This notebook will explore the Ridge property data as modeled by FVS and the Ecotrust Growth-Yield-Batch system. Also serves as a demonstration of pandas and associated python libraries.
First, we import the necessary libraries
In [1]:
%matplotlib inline
from matplotlib.pylab import plt
import pandas as pd
from sqlalchemy import create_engine
from matplotlib import cm
import seaborn as sns
Create a connection ("engine") to the sqlite database produced by GYB and read the entire table into a pandas DataFrame.
In [2]:
engine = create_engine('sqlite:///data.db')
df = pd.read_sql_table('trees_fvsaggregate', engine)
Ipython is not the cleanest interface with which to browse large datasets.
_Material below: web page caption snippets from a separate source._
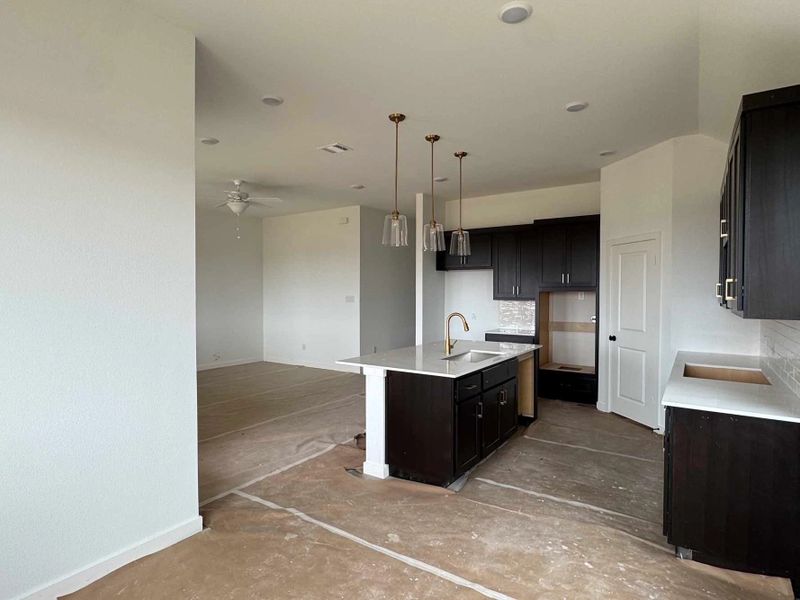 Open Kitchen-Living-Dining Room Construction Progress featuring the Oxford Collection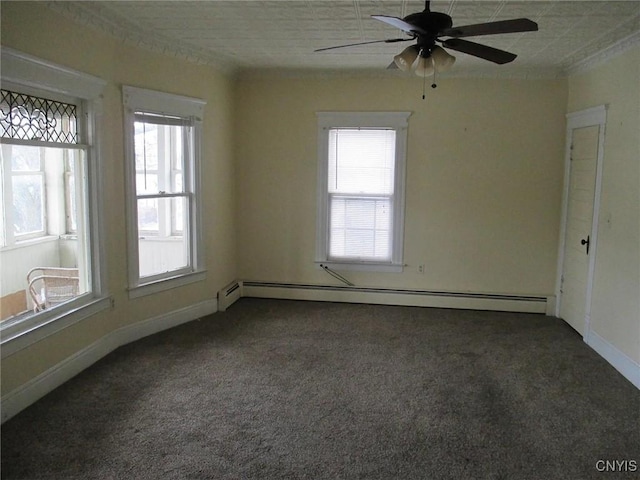 spare room with dark colored carpet, ceiling fan, and a baseboard heating unit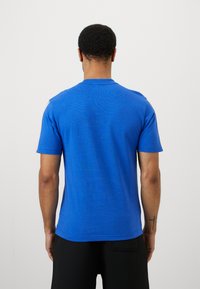 Zils T-krekls ar īsām piedurknēm, izgatavots no kokvilnas, ar apaļu kakla izgriezumu un gludu tekstūru. Nav redzami raksti; vienkāršs dizains ar taisnu piegriezumu.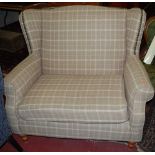 A contemporary chequer upholstered and studded twin wingback sofa, width 110cm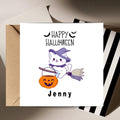 A square white greeting card with a Halloween design, shown with a kraft envelope behind it and a striped box at the side. The card reads 'Happy Halloween' above a cartoon white cat in a purple witch hat riding an orange jack-o'-lantern bucket broom, with the name 'Jenny' printed below.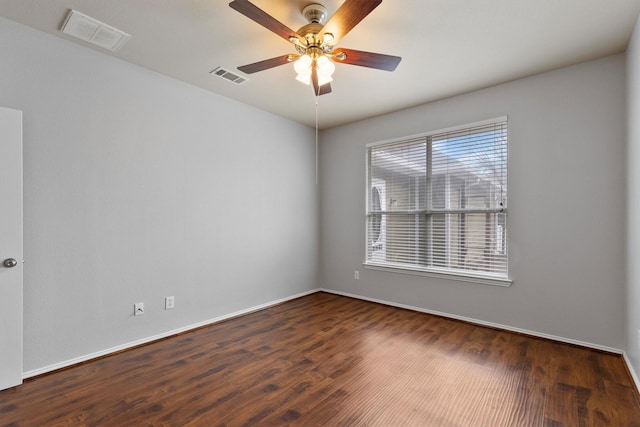 unfurnished room featuring ceiling fan, wood finished floors, visible vents, and baseboards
Luckily you can just take the top couple rows
In [3]:
df.head(6)
Out[3]:
or write it to excel with df.to_excel('file.txt'). Keep in mind the size of the dataset though, not recommended for the full dataset due to limitations in excel
In [4]:
df.shape # (rows, columns)
Out[4]:
Basic descriptive statistics
In [5]:
df.describe()
Out[5]:
The best feature of both pandas and excel: pivot tables. And note that we can write the resulting DataFrame out to an excel file for easier viewing.
In [6]:
import numpy as np
pt_year = pd.pivot_table(df,
index=['cond', 'rx', 'offset'],
columns=['year'],
values=['removed_merch_bdft'],
aggfunc=[np.sum],
margins=True)
pt_year.to_excel("harvest_by_year.xls")
pt_year.head()
Out[6]:
In testing in the Forest Planner, we noticed that yields were very low initially and that stands were starting the simulation at single-digit trees per acre (TPA). Let's confirm that we've resolved that issue.
First subset the query for the grow-only rx in 2013.
In [7]:
startdf = df.query("year == 2013 and rx == 1")
# same result with alternate syntax using .loc
startdf = df.loc[(df.year == 2013) & (df.rx == 1)]
Examining the distribution of starting TPA, we see reasonable TPAs
In [8]:
startdf.start_tpa.hist()
Out[8]:
In [9]:
conds = df.cond.unique()
conds.sort()
conds
Out[9]:
In [12]:
plt.rcParams['figure.figsize'] = (10.0, 8.0)
sns.tsplot(df.loc[(df.offset == 0)],
"year", unit="cond", condition="rx", value="after_merch_ft3")
Out[12]:
In [11]:
from pandas.tools.plotting import scatter_matrix
scatter_matrix(df[['after_qmd', 'after_tpa']],
alpha=0.2, figsize=(6, 6), diagonal='kde')
Out[11]: